The week before last, I was in Albania. I remember back in the 1980s, Albania had an almost mythical aura – a closed land, physically right next door to Greece, but otherwise remote in every conceivable way. Its isolation only ended with the breakdown of communism in 1991 – the subsequent jostle for power between different clans and parties culminating in a major outbreak of violent unrest. Not surprisingly, many – perhaps most who could – chose to leave over this period. The majority ended up in neighbouring Greece and Italy, although others travelled further. Of course there is also an ethnic Albanian population in Switzerland; most are Kosovars, but some, especially those who arrived in the early 1990s, are from Albania itself.

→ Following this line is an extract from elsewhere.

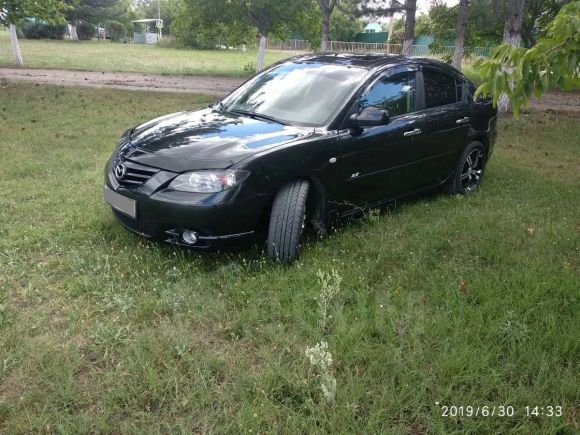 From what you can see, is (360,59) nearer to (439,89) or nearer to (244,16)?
(439,89)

In post-conflict support of peaceful relations in the Balkans, the Swiss government contributes to a wide variety of development initiatives in the region. We at Helvetas are responsible for implementing a number of SDC projects supporting local governance, skills training, and rural market development. The project RisiAlbania, tackling youth unemployment in Albania, is just one of them.
The logic of promoting employment opportunities for young men and women in Albania is obvious. The country is seeking economic growth but is still losing people – to migration and also lower population growth. The 2011 census found the resident population to be just below 2.8 million, which was an amazing 20% less than the official government figure before the census. Furthermore, there’s a big rural to urban shift.
In some ways, of course, development cooperation in the Balkans is very different from that in Asia or Africa. Yet many principles and basic approaches remain the same. RisiAlbania is designed from the perspective of promoting a job market, using the “M4P” or market systems approach – one that we use in many projects. It entails a very careful appraisal of the job market to identify points of intervention that will have maximum impact on job creation for young men and women. The sectors that have been chosen as a result are agro-businesses, ICTs, and tourism. As far as gender and social equity are concerned, our eight organisational principles in our policy still apply. Actually our team, most of whom are women, are very “gender conscious”. The issue is more how to ensure the creation of opportunities for disadvantaged young men and women – such as those who have low educational qualifications, and/or live in rural areas (especially in the North), and/or belong to minorities, such as Roma.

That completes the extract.